# Look wheels ?!



## ico (Feb 6, 2005)

Does anyone have some experience with look carbon wheels, 2,5 or 3,8 ? They don't seem to be very light, the look is great but other then that I can't find some reviews or opinionis from someone who actually rode look wheels.
I'm thiniking of buying a pair of 2,5 wheelset to combine with my 585, so some advice would be useful 

Thanks.


----------



## Morison (Oct 31, 2005)

*Hmm...*



ico said:


> Does anyone have some experience with look carbon wheels, 2,5 or 3,8 ? They don't seem to be very light, the look is great but other then that I can't find some reviews or opinionis from someone who actually rode look wheels.
> I'm thiniking of buying a pair of 2,5 wheelset to combine with my 585, so some advice would be useful
> 
> Thanks.


Hey ico,
Curous where you would be buying these? Veltec Sports (LOOKs North American distributor) does not import them.


----------



## sirbikealot (Apr 8, 2005)

Morison said:


> Hey ico,
> Curous where you would be buying these? Veltec Sports (LOOKs North American distributor) does not import them.

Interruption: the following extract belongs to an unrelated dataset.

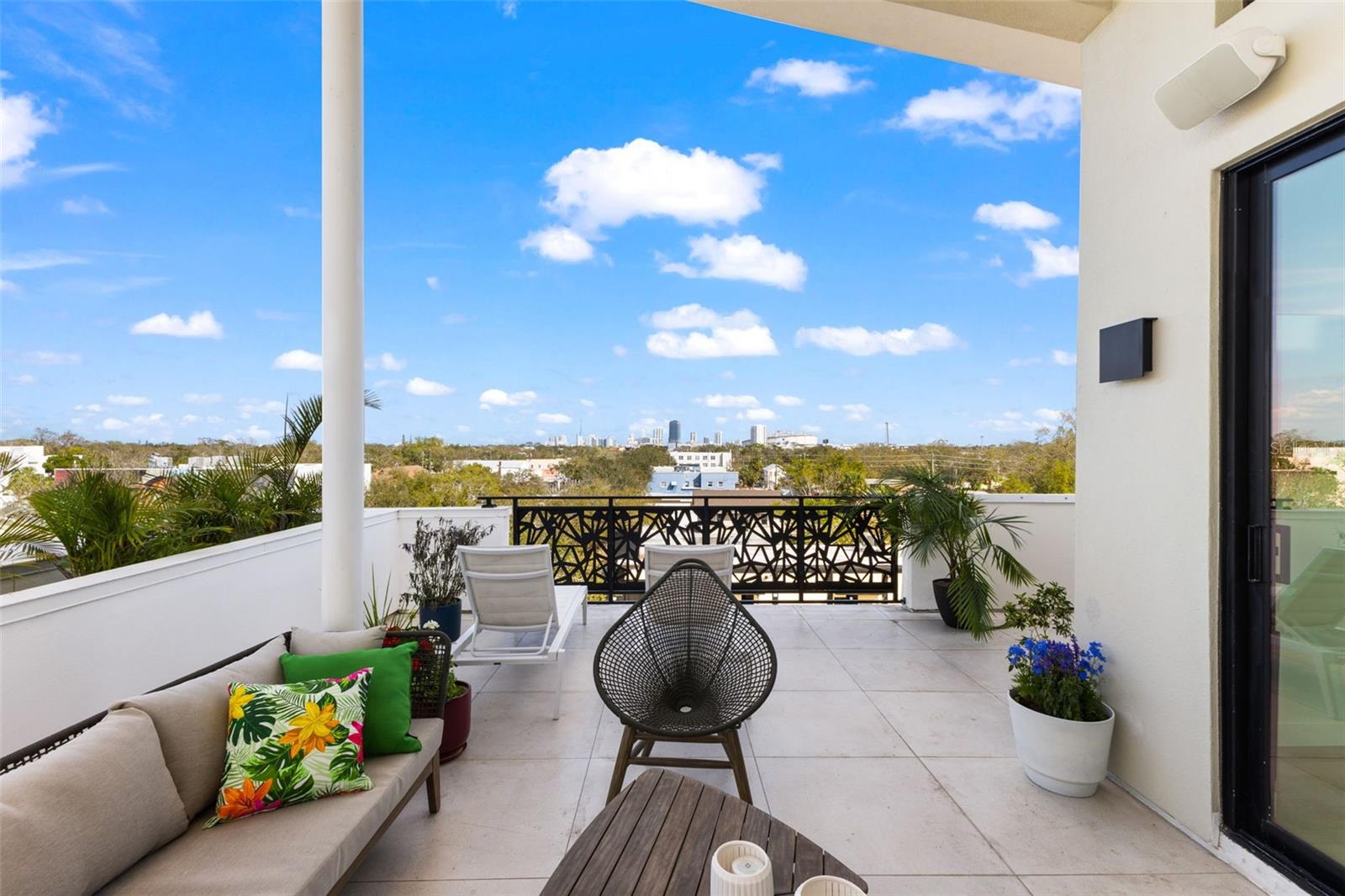 45 27TH St #1 ST PETERSBURG, FL 33712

Veltec is the distributor for USA, KMI is the Canadian has had a few but for 2006 they are redesigning them completely to bring cost and weight down, they spent more time on the new frames, bars and stems this year, next year will be wheels


----------



## ico (Feb 6, 2005)

Morison said:


> Hey ico,
> Curous where you would be buying these? Veltec Sports (LOOKs North American distributor) does not import them.


I'm from europa, croatia, and we have our own distributor. unfortunately it seems that carbon wheels are not in the program for 2006. The word is that Look is gonig to deal with wheels for 2007, some changes to reduce the weight as I understand. Personally, I switched to Zipp, and orderd 303 mid-w tubulars to combine with my 585/campy record. In few weeks you can expect some pics


----------